# Advanced Regular Expressions Lab

Complete the following set of exercises to solidify your knowledge of regular expressions.

In [2]:
import re

### 1. Use a regular expression to find and extract all vowels in the following text.

In [3]:
text = "This is going to be a sentence with a good number of vowels in it."

In [6]:
pattern1 = '[aeiou]' # Any "e" or "r" will give a match
re.findall(pattern1, text)

['i', 'e', 'e', 'e', 'a', 'o', 'o', 'a', 'i', 'e']

### 2. Use a regular expression to find and extract all occurrences and tenses (singular and plural) of the word "puppy" in the text below.

In [11]:
text2 = "The puppy saw all the rest of the puppies playing and wanted to join them. I saw this and wanted a puppy of my own!"

In [16]:
pattern2 = 'pupp[a-z]+'
re.findall(pattern2, text2)

['puppy', 'puppies', 'puppy']

### 3. Use a regular expression to find and extract all tenses (present and past) of the word "run" in the text below.

In [17]:
text3 = "I ran the relay race the only way I knew how to run it."

In [18]:
pattern3 = 'r[a-z]n'
re.findall(pattern3, text3)

['ran', 'run']

### 4. Use a regular expression to find and extract all words that begin with the letter "r" from the previous text.

In [25]:
pattern4 = '\\br[a-z]+'
re.findall(pattern4, text3)

['ran', 'relay', 'race', 'run']

### 5. Use a regular expression to find and substitute the letter "i" for the exclamation marks in the text below.

In [27]:
text5 = "Th!s !s a sentence w!th spec!al characters !n !t."

In [29]:
pattern5 = '\!'
re.findall(pattern5, text5)
re.sub(pattern5, 'i', text5)

'This is a sentence with special characters in it.'

### 6. Use a regular expression to find and extract words longer than 4 characters in the text below.

In [30]:
text6 = "This sentence has words of varying lengths."

In [31]:
pattern6 = "[\w']{5,}"
print(re.findall(pattern6, text6))

['sentence', 'words', 'varying', 'lengths']
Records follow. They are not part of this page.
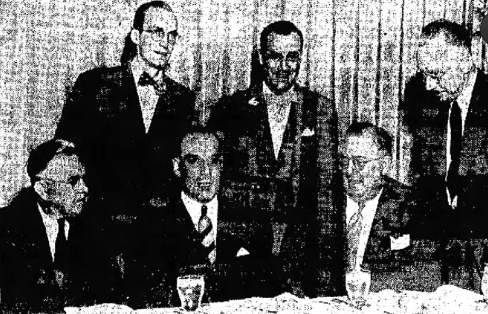 Chairman OC Cluss 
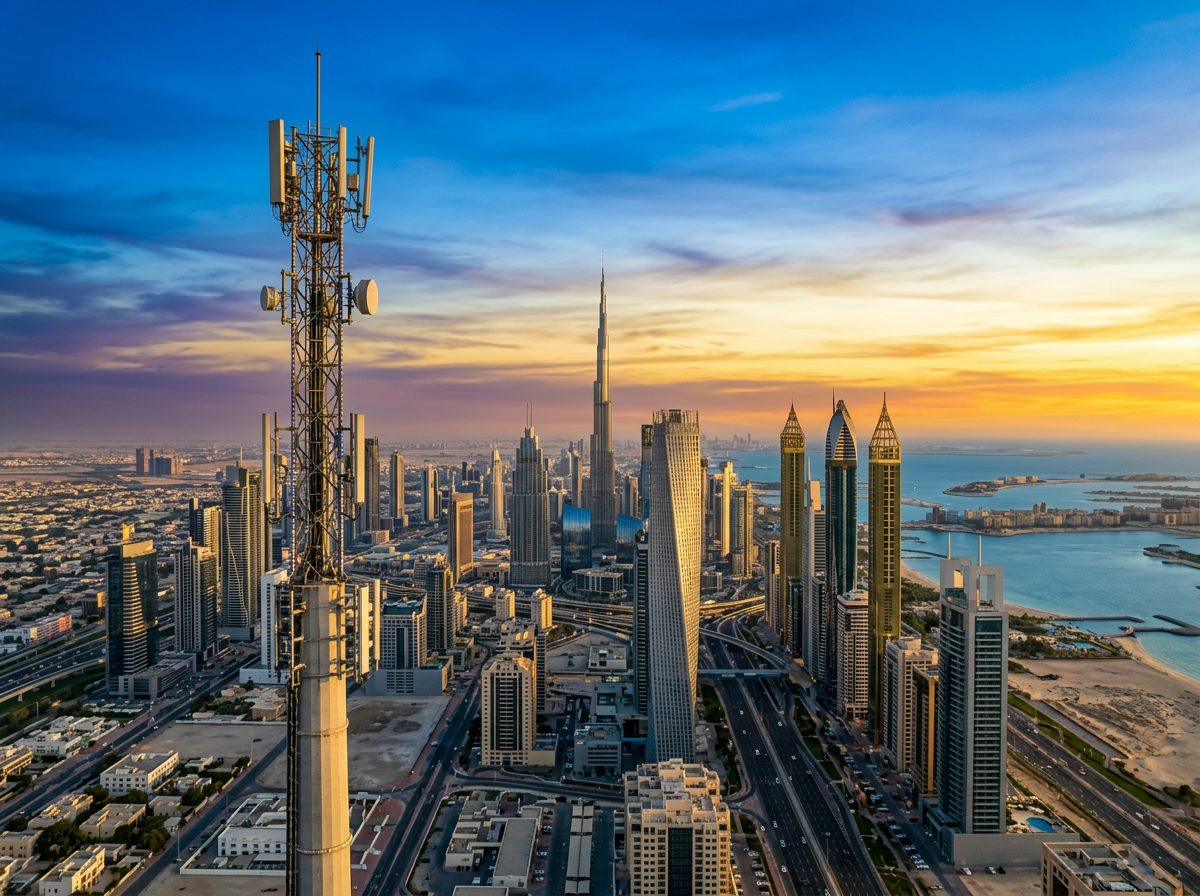 Gulf mobile network coverage across GCC cities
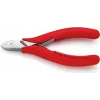 KNIPEX 77 01 115 Electronic Super Knips® alicate de corte lateral, aislado VDE, 115 mm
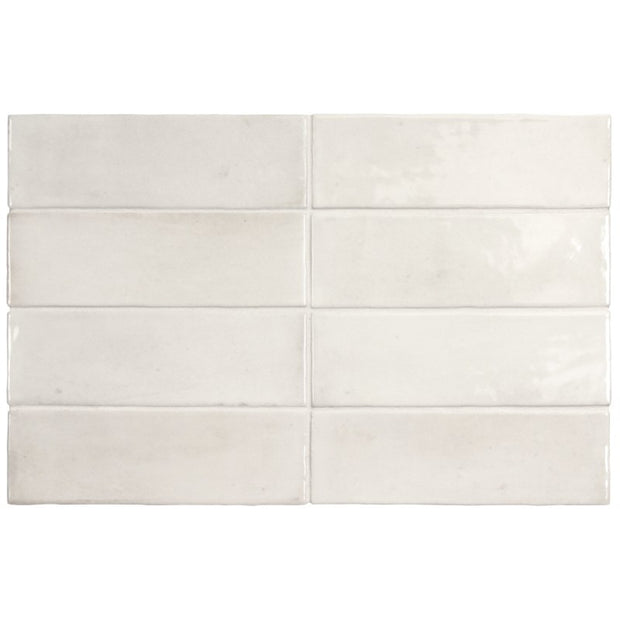 Coco White Gloss Porcelain Subway Tiles tile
### 7. Use a regular expression to find and extract all occurrences of the letter "b", some letter(s), and then the letter "t" in the sentence below.

In [32]:
text7 = "I bet the robot couldn't beat the other bot with a bat, but instead it bit me."

In [42]:
pattern7 = '\\bb\w+t\\b'
re.findall(pattern7, text7)

['bet', 'beat', 'bot', 'bat', 'but', 'bit']
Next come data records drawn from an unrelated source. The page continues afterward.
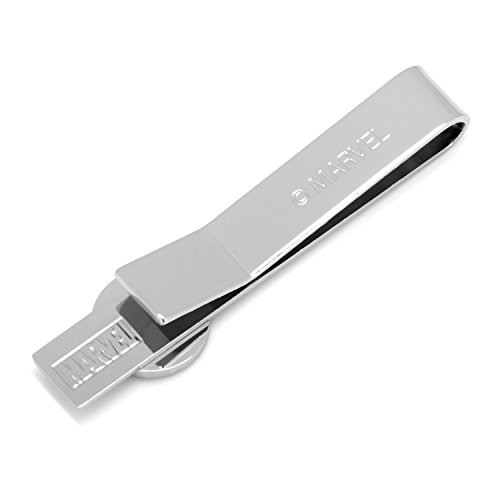Captain America Silver Tie Bar #TOP1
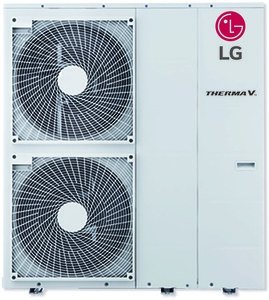 Pompa ciepła powietrzna monoblok R32 - 14 kW, 3 fazowa, 400 V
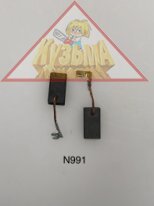 Щетки (№991) Rezer к ЭП Парма 200Д (2 шт)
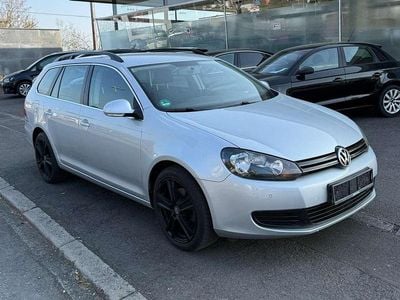 Gebraucht VW Golf VI Comfortline 122 PS (89 kW) 2010 Silber Kleinwagen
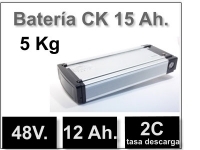 CicloTEK Set Batería NT 48 v. 12 Ah.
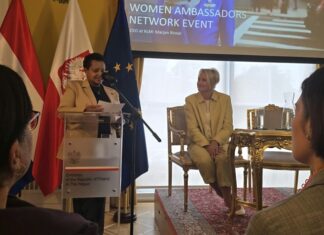 Minister Plenipotentiary Arrindell Joins High-Level Diplomatic Dialogue of Women Ambassadors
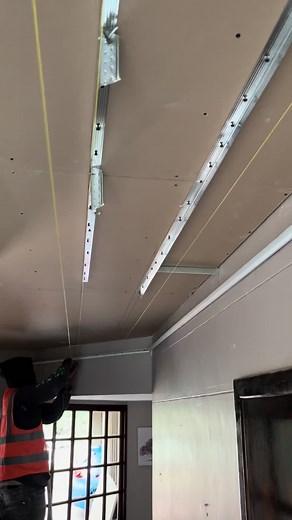 Modern RhinoBoard Ceiling Renovation | Bulkhead & Wall Rhinolite Plastering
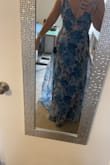 I ordered an XL based on the TrueFit size recommendation. It was loose up top. The skirt to me looked strange. The material I was not a fan of. Will be returning. - Karen T.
### 8. Use a regular expression to find and extract all words that contain either "ea" or "eo" in them.

In [35]:
text8 = "During many of the peaks and troughs of history, the people living it didn't fully realize what was unfolding. But we all know we're navigating breathtaking history: Nearly every day could be — maybe will be — a book."

In [37]:
pattern8 = r'\w*ea\w*|\w*eo\w*'
re.findall(pattern8, text8)

['peaks', 'people', 'realize', 'breathtaking', 'Nearly']


### 9. Use a regular expression to find and extract all the capitalized words in the text below individually.

In [43]:
text9 = "Teddy Roosevelt and Abraham Lincoln walk into a bar."

In [44]:
pattern9 = '[A-Z][a-z]+'
re.findall(pattern9, text9)

['Teddy', 'Roosevelt', 'Abraham', 'Lincoln']

### 10. Use a regular expression to find and extract all the sets of consecutive capitalized words in the text above.

In [45]:
pattern10 = '([A-Z][a-z]+ ?[A-Z][a-z]+)'
re.findall(pattern10, text9)

['Teddy Roosevelt', 'Abraham Lincoln']

### 11. Use a regular expression to find and extract all the quotes from the text below.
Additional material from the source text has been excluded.